Dogon (englisch: Dogon People)
Das Dogon-Volk ist ein negroides Volk, das im westlichen Afrika südlich der Sahara lebt. Das Wort „Dogo“ bedeutet in der Landessprache Wissen.
Der 300.000-köpfige Stamm konzentriert sich auf kleine Dörfer, in denen maximal 500 Menschen leben.
Die Einzigartigkeit dieses Volkes spiegelt sich in seinem Wissen über den Weltraum wider. Sie sind überzeugt, dass sie dank des Gottes Ammo vom Stern Sirius A, einem Doppelsternsystem mit einem begleitenden Weißen Zwerg namens Sirius B, auf die Erde kamen. Der Hundsstern, wie Sirius A oder Alpha Canis Majoris auch genannt wird, ist der hellste Stern am Nachthimmel. Sirius gilt nicht ohne Grund als der hellste Stern am Nachthimmel. Seine beobachtete Helligkeit beträgt -1,47 und ist etwa 25-mal heller als die Sonne. Obwohl es viele Sterne mit höherer Helligkeit gibt, scheint der Hundsstern für die Erdbewohner der hellste zu sein. Dies liegt an der relativ kurzen Entfernung, die ihn von unserem Flugzeug trennt – etwa 8,6 Lichtjahre. Daher ist er nach der Sonne der uns am nächsten gelegene Stern. Die Oberflächentemperatur von Sirius A ist mit etwa 10.000 K doppelt so hoch wie die unseres Heimatsterns. Ebenso sein Radius und seine Masse. Sein Begleiter ist ein kleiner Weißer Zwerg mit einem Durchmesser, der kleiner als der der Erde ist. Er umkreist den Hauptstern auf einer elliptischen Bahn.

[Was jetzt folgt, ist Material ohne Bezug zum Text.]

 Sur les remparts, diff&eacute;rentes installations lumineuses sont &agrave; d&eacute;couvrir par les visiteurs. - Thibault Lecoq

Die Dogon glauben, dass dieses Paar von einem dritten Stern begleitet wird. Wissenschaftler stehen dieser Theorie skeptisch gegenüber, da sie bisher nicht beobachtet wurde. Seine Existenz wurde jedoch durch Berechnungen gestützt, die zeigen, dass diese Sterne möglicherweise zusammen mit einem dritten Himmelskörper ein Dreifachsystem bilden.

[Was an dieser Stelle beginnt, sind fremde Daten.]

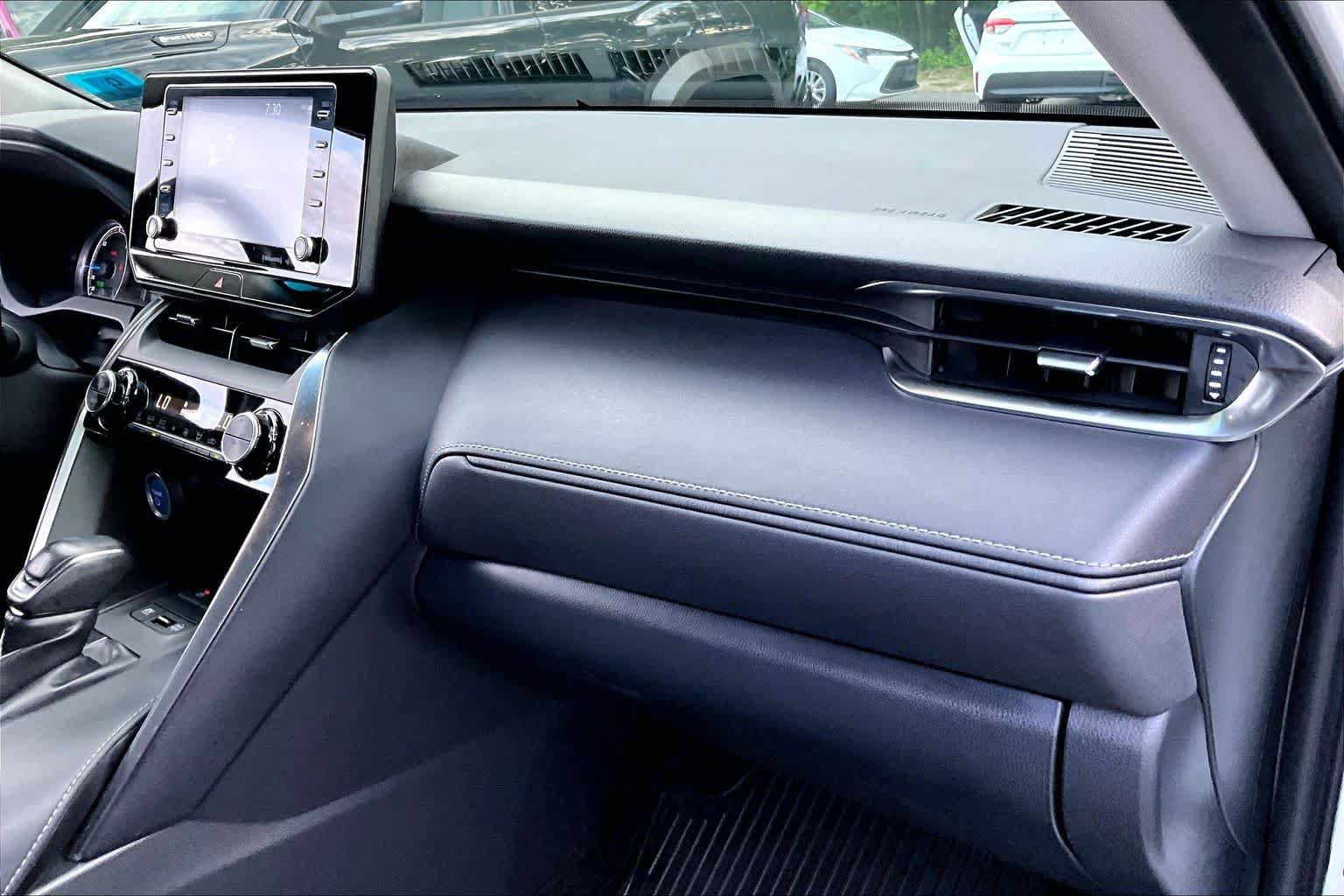 Used 2021 Toyota Venza AWD/4WD image 17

Forscher haben noch keine klare Antwort darauf erhalten, warum der Dogon-Stamm über so umfangreiche Kenntnisse über den Weltraum verfügt. Es wird vermutet, dass sie Informationen über Sirius aus dem alten Ägypten erhielten, wo ihre Vorfahren herkommen könnten. Die Ägypter verehrten den hellsten Stern am Nachthimmel, der, wenn er um den 15. Juni aufging, die Ankunft des Nilwassers aus dem Flussbett ankündigte.